Perhaps no person on the light that no one knows the feeling of fear. It is clear that both adults and children would like to experience it as little as possible. And as the last dream of being bold: "I want to be the bravest brave!" "Here I grow up - nothing at all afraid!" Is heard from their kids?
Of the five basic human emotions (joy, sadness, anxiety, fear and anger) the most "disgusting" fear and anxiety. Fear - is a particular acute emotional state, a special sensual reaction, which manifests itself in a dangerous situation. Every healthy person can have a sense of fear, because this ability is important for self-preservation. Fear always caused a particular and intimate, has already come, danger. Unlike fear, anxiety - that experience a distant and uncertain risk. And if the fear is normally inherent in all, the anxiety manifests itself in different individuals differently and exceeding a certain level of anxiety is no longer the norm.
The first thing a newborn faces - it's fear. Can you imagine that the experiences a child is born: it is something compresses and pushes it somewhere fails, does not feel his body boundaries, does not understand what's going on with him; then louder and new sounds, bright lights, touch other people, etc. One is forced to get scared and cry.

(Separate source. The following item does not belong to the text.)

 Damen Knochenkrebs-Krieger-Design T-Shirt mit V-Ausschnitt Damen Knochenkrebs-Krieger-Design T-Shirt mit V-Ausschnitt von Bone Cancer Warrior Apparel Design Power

Psychoanalytic literature in detail, clever, and often too technical and confusing (but this is between us) considers children's fears, and their influence on the life of an adult. But an attentive and loving parents need not scientific data that demonstrates the erudition of the author, and the specific Recommendations: What to do if "the child is afraid of the vacuum cleaner" or "the child cries when we go in the car, and the car stops "; or "first-grader at prodlenki starts crying that he will forget to take home, and the bandits can attack the Pope." These are all real cases from the practice of child psychotherapist.
So, how parents can help their kiddies to cope with fears, and what they are, children's fears, "strashnye- prestrashnye".
Age-related fears children
At each stage of development, children experience a variety of fears, which are different for different ages:
• From birth to 6 months: the fear of sudden loud sounds and noises, kids may be afraid of sudden fast movements on the part of the other person, fear of falling and loss of support. This is due to the memory of the terror experienced by birth.
• From 7 months to 1 year old baby scare has some loud sounds, such as the noise of a vacuum cleaner. At 7 months, many babies exhibit a clear concern in the absence of my mother, and 8 are afraid of strangers. Undressing, dressing and a change of scenery, the height - for children of this age is also a reason for fear. For many children a source of fear is a drain hole in the bathroom and shower.
Tip for parents: If the kid was nervous when in contact with other people, try to provide him with emotional protection: Take your hands, hug, pat. Noisy adult company - this is not what your baby needs right now. And if not avoided-din of noise, do not forget to wash the baby, wash away with it once the negative. Make massage fingers, pat - relax your back and tummy.
• Children aged 1 to 2 years may be afraid of being separated from their parents, strangers, trauma, sleep and dreams (nightmares). The main fear - it's dark, and night terrors.
• The greatest fear of the children experience when they feel that their parents do not like. You can never threaten the child, the parents throw him. Neither fun nor seriously can not say that it will leave. On the street or in a store, you can often hear, completely in despair, my mother calls her naughty son: "Come quickly, or leave you here!" And "good" grandmother's help, "Behold I will take away Mom. " Such words make sense of a bright flare of fear that you throw. But for a child, especially a small, left without parents means to be completely alone in the world.
• Up to 3 years, there are fears of rejection by parents ( "I do not like"), fear of unfamiliar peers, a change of scenery, change the order of life, the child may begin to be afraid of the animals. In addition, children of this age scare threatening and strange objects large - cranes, machines. Great is the fear of separation from loved ones. If the difficulties of life are separated us for a long time with the children, this separation should be carefully prepared.
Tip for parents: Sometimes difficult for parents to tell the child that they go for the operation, go on vacation (not to mention the parents' divorce), etc. How children react to the absence of their parents? Afraid of the consequences, the adults go out at night when the kids are asleep, or during the day when they are at school, leaving my grandmother (the nurse) to explain what was going on.
A responsibility we ought to take over. Tell your child about the upcoming separation. Emphasize that you like and remember it. Figure out how to interact without seeing each other: making phone calls, thinking about each other, looking at the photo. You can draw calendars to see when it's day of the meeting. Or write little baby stories and draw pictures, and adult to whom you have entrusted your child, ask to read every day a new tale from mom or dad. Your loving heart, I'm sure, will tell you more options for home therapy, and will not allow the fear of separation foothold in the heart of a child.